Russia and OPEC split on global oil production cuts and world economic growth concerns on coronavirus took down oil prices with prices plunging by over 10%  last week, which led to Russian Ruble falling sharply by 2.5% against USD. Saudi Aramco started a price war by cutting all grade April 2020 crude sales price by USD 4-7 per barrel.

AUD appreciated 1.86% against USD last week as RBA cut benchmark rates by 25 bps.

During the week the Fed cut rates by 50 bps as an emergency measure to tackle the Corona Virus effects on the Economy.

USD Index (DXY), which tracks the movement of the USD against six major currencies, fell by 2.22% on a week on week basis and is at a level of 95.95. As decisive rate cut shift and rise in COVID-19 deaths in the US lead to weaker USD against major currencies.

US trade deficit was down 6.7% monthly, falling by USD 3.3 billion to USD 45.3 billion in January 2020.Exports were at USD 208.6 billion, and imports were at USD 253.9 billion.

US Non-farm payrolls for February 2020 rose by 273k, which wasmore than expected and unemployment rates rstayed low at 3.5%. Health care and social assistance witnessed the highest additions, average hourly earnings was 3% higher yearly. Market will closely watch March jobs report as coronavirus outbreak is expected to hit the jobs market.

The Institute for Supply Management (ISM) published US Non-manufacturing activity index increased strongly to 57.3 from 55.5 in January 2020.
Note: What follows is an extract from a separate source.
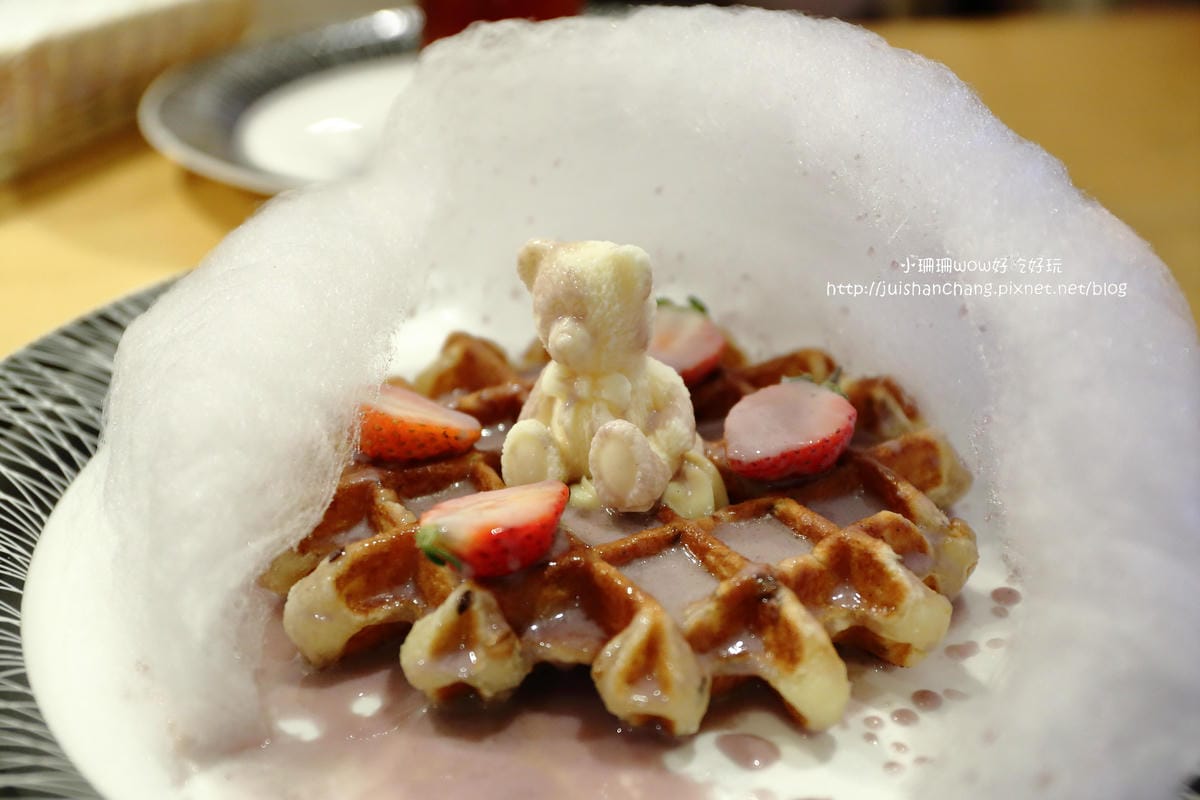 【食║台北】跳舞香水忠孝店～東區下午茶。奢華又浪漫面具趴。新品夢幻般的圓滾滾雲朵棉花糖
Institute of International Finance data showed February 2020 portfolio flows to emerging markets were down 90% monthly to USD 3.4 billion,  indicating further pressure on emerging markets currencies.

Weekly Global Bond Market Analysis

US 10-year benchmark bond yields fell sharply by 40 bps to 0.76% last week as Fed cut rates by 50 bps. Weakening global economies and rising risk aversion led to buying of government bonds across the globe.

Eurozone bond yields were down last week. German 10-year bond yields fell by 10 bps last week, France 10-year bond yields fell by 6bps and is at negative 0.35%. Italy’s 10-year benchmark yields were down by 2 bps.

US benchmark Junk bond yield rose by 3 bps and is at 5.82%, Euro benchmark Junk bond yields fell by 9 bps to 3.27%.